Key takeaways:
- Momentum has driven this year’s market rally—but after strong returns, is it poised to persist or due for a pause?
- Technical signals of overbought conditions may point to a short-term consolidation—but they could also suggest momentum has room to run over the longer term.
10/01/2025 – Since the April 8th low, the S&P 500® Index has climbed over 30%, and markets have largely shrugged off this year’s brief turbulence. But with macro uncertainties still in play—including the risk of a federal government shutdown—many investors are asking: can the rally keep going?
Momentum has arguably defined this rally—driven by stronger-than-expected corporate results, upward earnings revisions, and fading volatility. Yet investor sentiment remains surprisingly subdued, which, under typical conditions, might serve as a contrarian indicator against continued bullishness. Still, no rally is without technical signals worth watching.

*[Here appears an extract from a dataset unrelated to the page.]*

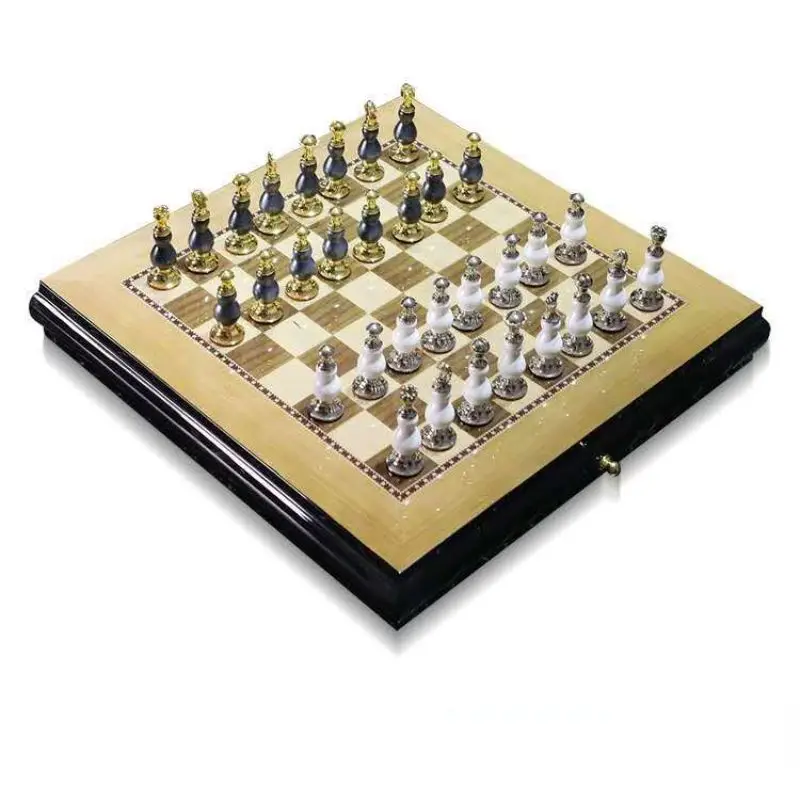 Modern Light Luxury Chess Ornaments Creative Model Room Living Room Sales Office Set Up High-end Home Accessories Ornaments
Modern Light Luxury Chess Ornaments Creative Model Room Living Room Sales Office Set Up High-end Home Accessories Ornaments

One such signal is the 14-Day Relative Strength Index (RSI), which tracks the speed and magnitude of recent price movements on a scale from 0 to 100. It’s commonly used to gauge whether a security—or the broader market, like the S&P 500—is overbought or oversold. Readings above 70 typically suggest overbought conditions.

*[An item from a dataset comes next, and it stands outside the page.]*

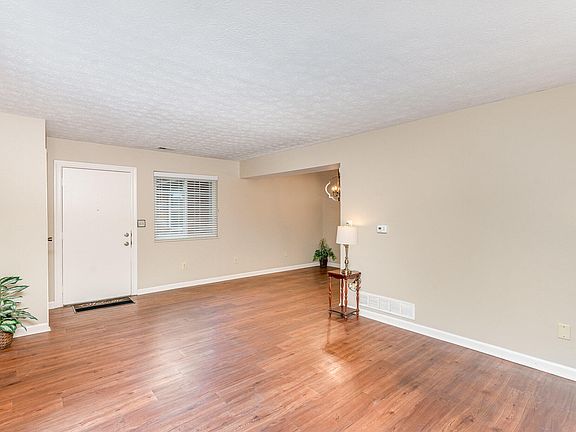 2nd image of 1052 Oakwood Ct APT 2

The S&P 500’s RSI has topped 70 several times during this year’s rally—a level often associated with overbought conditions. While an elevated RSI doesn’t guarantee a reversal, history suggests it can signal short-term consolidation or a pause in momentum. Given the rally’s strength, a pullback wouldn’t be surprising—and is part of a healthy bull market, not a breakdown.
Elevated RSI doesn’t always point to exhaustion—it can also reflect sustained momentum. As the accompanying chart shows, when the S&P 500’s RSI has crossed 70 (going back to 1990), returns over the next month have typically lagged the Index’s monthly average by about 2% annualized. But zoom out to the following 12 months, and the story shifts: those same periods have outperformed the average by roughly 3% annualized. In other words, momentum has often carried the market higher.

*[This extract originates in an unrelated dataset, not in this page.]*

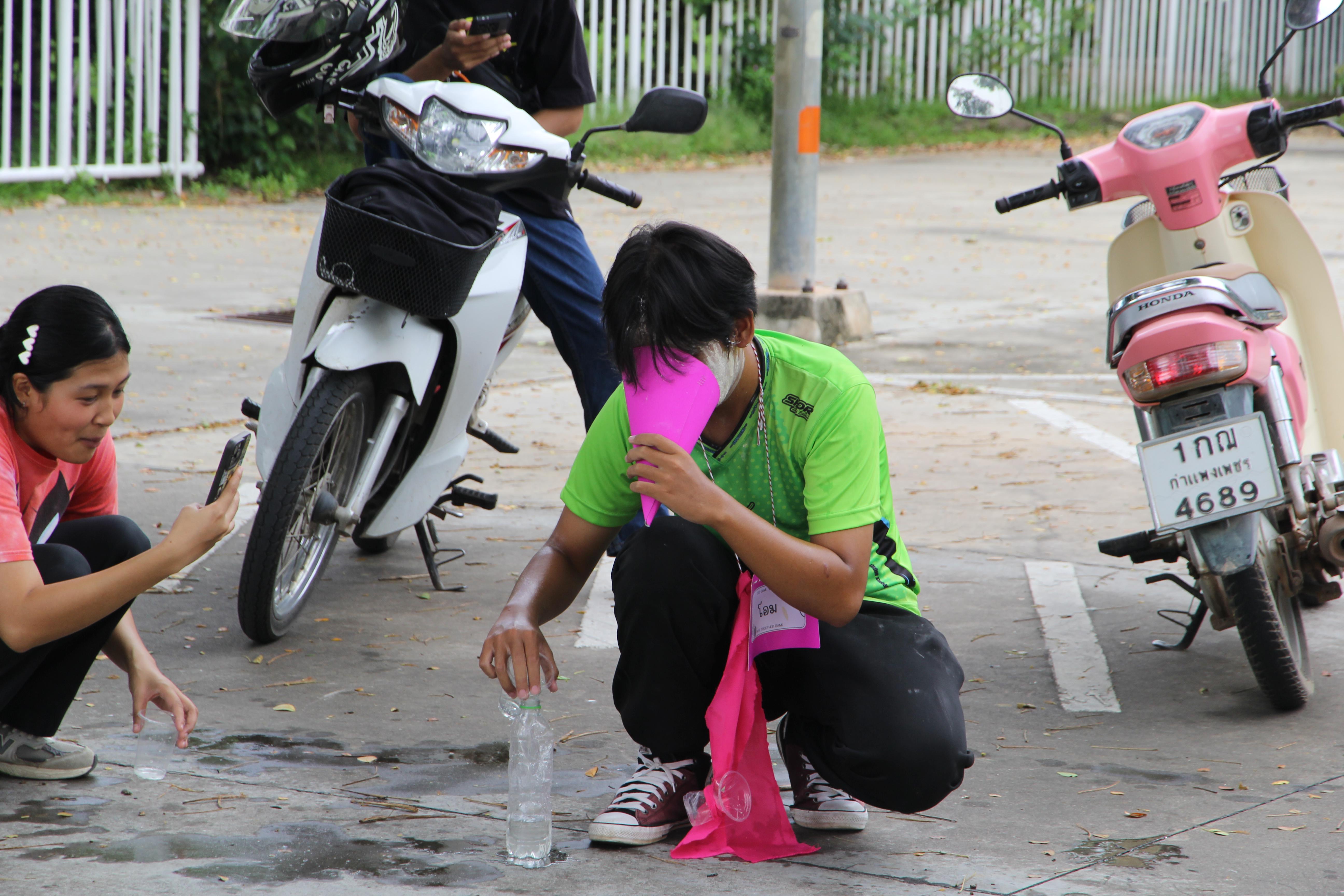 868. กิจกรรมผูกข้อมือ 68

In the current bull market, overbought signals from RSI may paint a misleading picture of investor positioning. Equity exposure remains neutral at best, and while sentiment is moderately bullish, it’s far from euphoric. Combined with a supportive backdrop, this suggests the rally may still have room to run. For financial professionals, technical metrics like momentum should never be viewed in isolation. They’re most useful when considered within the broader context of a client’s investment plan. Portfolio allocation decisions should also weigh historical precedent, business cycle dynamics, market internals, underlying fundamentals, and other factors—forming a weight-of-the-evidence approach to portfolio construction.